Aimed at first-time smartphone buyers looking for a simple, entry-level Android device, the T-Mobile Concord is a prepaid device manufactured by ZTE.
While it's true that the phone's specs are nothing to write home about -- it sports a meager 3.5-inch screen, a 2-megapixel camera, and an 832MHz processor -- it does have an attractive and unique dark-blue design. Most importantly, however, it offers satisfactory call quality and decent 3G speeds.
For those of you who are commitment-phobes, the Concord is currently available in retail stores including Wal-Mart and Target for $100 without a contract.
The T-Mobile Concord is reminiscent of the , though it's slightly smaller in size. Measuring at 4.59 inches tall, 2.43 inches wide, and 0.45 inch thick, it's compact and fits easily in the front or back pockets of a pair of jeans. It's lightweight at 4.48 ounces, but it feels hefty and dense in the hand.

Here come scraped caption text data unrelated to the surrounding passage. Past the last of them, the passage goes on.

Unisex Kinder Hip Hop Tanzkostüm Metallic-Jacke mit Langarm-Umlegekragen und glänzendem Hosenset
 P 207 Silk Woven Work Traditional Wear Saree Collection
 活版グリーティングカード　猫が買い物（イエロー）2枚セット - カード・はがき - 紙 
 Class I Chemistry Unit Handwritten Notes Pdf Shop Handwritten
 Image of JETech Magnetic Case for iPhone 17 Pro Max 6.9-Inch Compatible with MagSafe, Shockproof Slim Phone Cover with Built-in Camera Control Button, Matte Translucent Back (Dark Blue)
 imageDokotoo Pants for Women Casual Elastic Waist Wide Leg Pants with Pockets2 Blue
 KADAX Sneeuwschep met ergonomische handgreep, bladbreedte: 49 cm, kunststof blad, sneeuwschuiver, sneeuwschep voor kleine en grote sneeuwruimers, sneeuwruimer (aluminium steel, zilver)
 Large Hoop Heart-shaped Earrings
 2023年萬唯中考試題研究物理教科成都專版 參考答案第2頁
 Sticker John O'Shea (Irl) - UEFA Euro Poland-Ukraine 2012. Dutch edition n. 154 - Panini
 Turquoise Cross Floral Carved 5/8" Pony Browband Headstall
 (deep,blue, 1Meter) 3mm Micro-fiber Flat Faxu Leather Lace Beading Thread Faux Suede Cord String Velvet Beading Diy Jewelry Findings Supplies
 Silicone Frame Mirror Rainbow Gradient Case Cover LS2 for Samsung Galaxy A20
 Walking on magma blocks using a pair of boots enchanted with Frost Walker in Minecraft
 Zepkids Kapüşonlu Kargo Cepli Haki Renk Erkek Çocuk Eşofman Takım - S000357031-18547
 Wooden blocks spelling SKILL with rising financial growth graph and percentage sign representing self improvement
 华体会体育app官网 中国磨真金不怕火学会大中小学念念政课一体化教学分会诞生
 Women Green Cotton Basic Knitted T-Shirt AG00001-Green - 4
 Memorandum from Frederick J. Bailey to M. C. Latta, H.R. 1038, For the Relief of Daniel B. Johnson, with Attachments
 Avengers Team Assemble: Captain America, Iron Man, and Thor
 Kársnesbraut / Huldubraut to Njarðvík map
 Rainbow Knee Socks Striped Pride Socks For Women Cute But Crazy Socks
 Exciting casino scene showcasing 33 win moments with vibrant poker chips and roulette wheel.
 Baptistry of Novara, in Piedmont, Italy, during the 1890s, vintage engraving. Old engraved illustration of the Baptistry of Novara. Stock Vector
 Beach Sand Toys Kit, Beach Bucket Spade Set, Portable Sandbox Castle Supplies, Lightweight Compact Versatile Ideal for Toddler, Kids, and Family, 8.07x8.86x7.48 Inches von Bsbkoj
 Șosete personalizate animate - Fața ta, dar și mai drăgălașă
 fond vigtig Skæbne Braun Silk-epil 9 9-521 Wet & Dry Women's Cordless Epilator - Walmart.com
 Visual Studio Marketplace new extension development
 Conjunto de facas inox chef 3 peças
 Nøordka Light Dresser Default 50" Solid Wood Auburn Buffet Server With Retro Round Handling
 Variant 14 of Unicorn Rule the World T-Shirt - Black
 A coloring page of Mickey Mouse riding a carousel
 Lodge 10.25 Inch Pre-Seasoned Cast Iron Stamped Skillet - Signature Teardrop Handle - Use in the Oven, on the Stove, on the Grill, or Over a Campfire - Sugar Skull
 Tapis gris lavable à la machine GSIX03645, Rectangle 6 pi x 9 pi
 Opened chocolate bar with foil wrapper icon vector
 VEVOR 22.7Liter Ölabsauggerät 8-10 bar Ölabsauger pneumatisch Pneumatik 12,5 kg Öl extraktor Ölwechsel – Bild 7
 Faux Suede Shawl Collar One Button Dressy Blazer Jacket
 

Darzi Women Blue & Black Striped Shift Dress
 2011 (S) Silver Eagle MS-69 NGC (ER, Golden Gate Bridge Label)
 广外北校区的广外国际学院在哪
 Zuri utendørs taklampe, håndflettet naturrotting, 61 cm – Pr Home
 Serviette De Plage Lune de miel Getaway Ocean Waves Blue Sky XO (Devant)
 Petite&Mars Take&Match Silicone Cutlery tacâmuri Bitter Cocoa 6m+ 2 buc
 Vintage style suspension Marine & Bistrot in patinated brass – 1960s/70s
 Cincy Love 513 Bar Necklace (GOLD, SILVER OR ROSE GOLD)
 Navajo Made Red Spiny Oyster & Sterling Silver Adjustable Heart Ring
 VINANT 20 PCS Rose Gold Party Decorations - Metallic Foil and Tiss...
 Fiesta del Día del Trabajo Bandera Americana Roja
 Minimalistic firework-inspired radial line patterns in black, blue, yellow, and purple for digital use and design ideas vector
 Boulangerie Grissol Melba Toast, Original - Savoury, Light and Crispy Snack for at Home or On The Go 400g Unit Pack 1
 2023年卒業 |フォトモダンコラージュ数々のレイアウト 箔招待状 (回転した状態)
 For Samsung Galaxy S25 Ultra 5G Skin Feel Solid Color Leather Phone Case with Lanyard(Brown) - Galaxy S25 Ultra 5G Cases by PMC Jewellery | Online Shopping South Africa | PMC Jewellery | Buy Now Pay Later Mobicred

Aside from a thin, dark strip of chrome that runs along the edges and top, the device is made from a dark-blue, soft-coated plastic. I'm a fan of this material because it looks and feels more luxurious than plain, glossy plastic. Also, it doesn't trap fingerprints like other glossy surfaces. The back plate also has a subtle but attractive lined pattern running through it that reminds me of wood grain.
On the left side is a volume rocker, and up top are a 3.5mm headphone jack and a sleep/power button. To the right is a Micro-USB port.
At the top left corner on the back is a 2-megapixel camera with no accompanying LED flash. Two small grid openings for the output speaker are located down below. A small indentation in the bottom center of the handset allows you to remove the backing. It'll take a lot of muscle to pry the plate off, but once it's removed, you can access the microSD card and the 1,500mAh lithium ion battery.
The handset's 3.5-inch touch capacitive touchscreen has a resolution of 320x480 pixels. The display was responsive and snappy. I didn't notice any lag when swiping through the four home screen pages, browsing through the app drawer, or texting. However, the resolution wasn't so hot. Colors gradients were extremely streaky, the edges of text had heavy aliasing, and default images were grainy. Images in HQ YouTube videos looked patchy with poor color range.
Above the display is a small metal accent for the in-ear speaker. An LED is located to the right of that. You can choose to have it blink on and off for notifications. Below the screen are the four usual hot keys (menu, home, back, and search) that unfortunately do not light up when in use.
The Concord is powered by a meager 832MHz processor. Simple tasks, like unlocking the phone or switching from landscape to portrait mode were performed swiftly enough, but more complicated actions like opening the camera, launching games, and transitioning back home felt noticeably laggy.
Unfortunately, the device ships natively with the dated Android 2.3 Gingerbread, and is stocked with your standard number of Google apps, such as Gmail, Plus, Latitude, Maps with Navigation, Messenger, Places, Play Books, Movies, Music, and Store, Search, Talk, and YouTube. There are also three T-Mobile-centric apps: AccountInfo, which lets customers check their account online and billing information; an app for mobile hot-spotting; and T-Mobile Mall for purchasing ringtones, MP3s, and games.